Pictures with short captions

◆ ◆ ◆ ◆ ◆ ◆ ◆

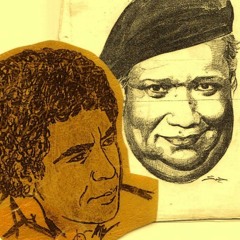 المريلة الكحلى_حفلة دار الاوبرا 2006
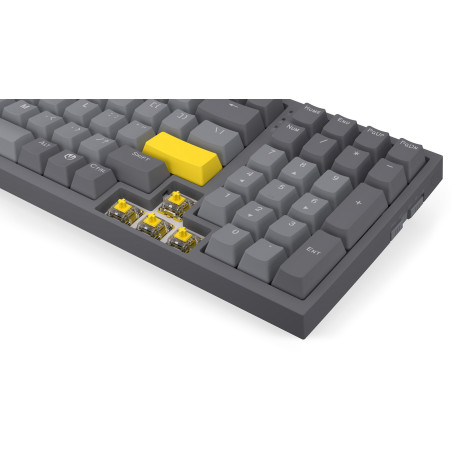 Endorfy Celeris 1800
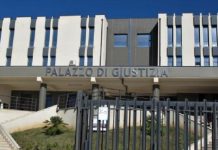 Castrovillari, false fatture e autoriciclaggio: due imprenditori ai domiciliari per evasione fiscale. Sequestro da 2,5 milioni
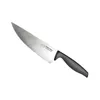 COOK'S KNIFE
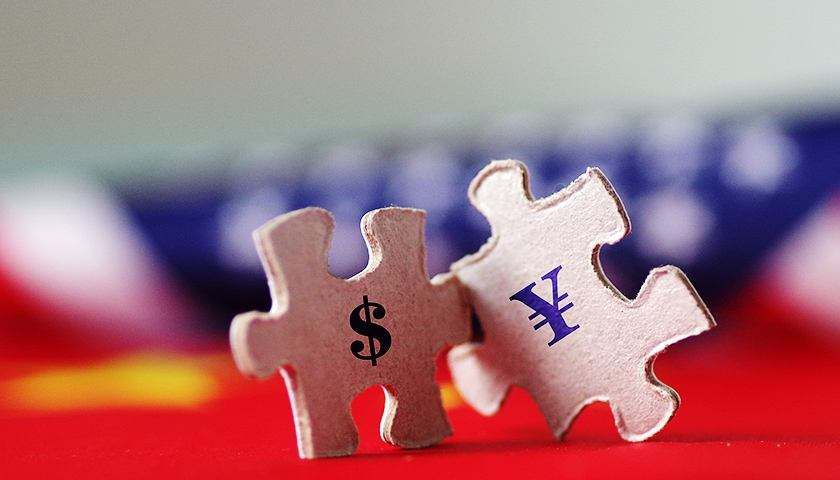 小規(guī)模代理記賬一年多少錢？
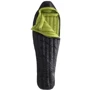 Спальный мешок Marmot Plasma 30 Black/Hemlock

◆ ◆ ◆ ◆ ◆ ◆ ◆

__YOUR INSTRUCTIONS__:
What is needed is every entry written out word for word, with no pictures.

__EXERCISE RESPONSE__:
 المريلة الكحلى_حفلة دار الاوبرا 2006
 Endorfy Celeris 1800
 Castrovillari, false fatture e autoriciclaggio: due imprenditori ai domiciliari per evasione fiscale. Sequestro da 2,5 milioni
 COOK'S KNIFE
 小規(guī)模代理記賬一年多少錢？
 Спальный мешок Marmot Plasma 30 Black/Hemlock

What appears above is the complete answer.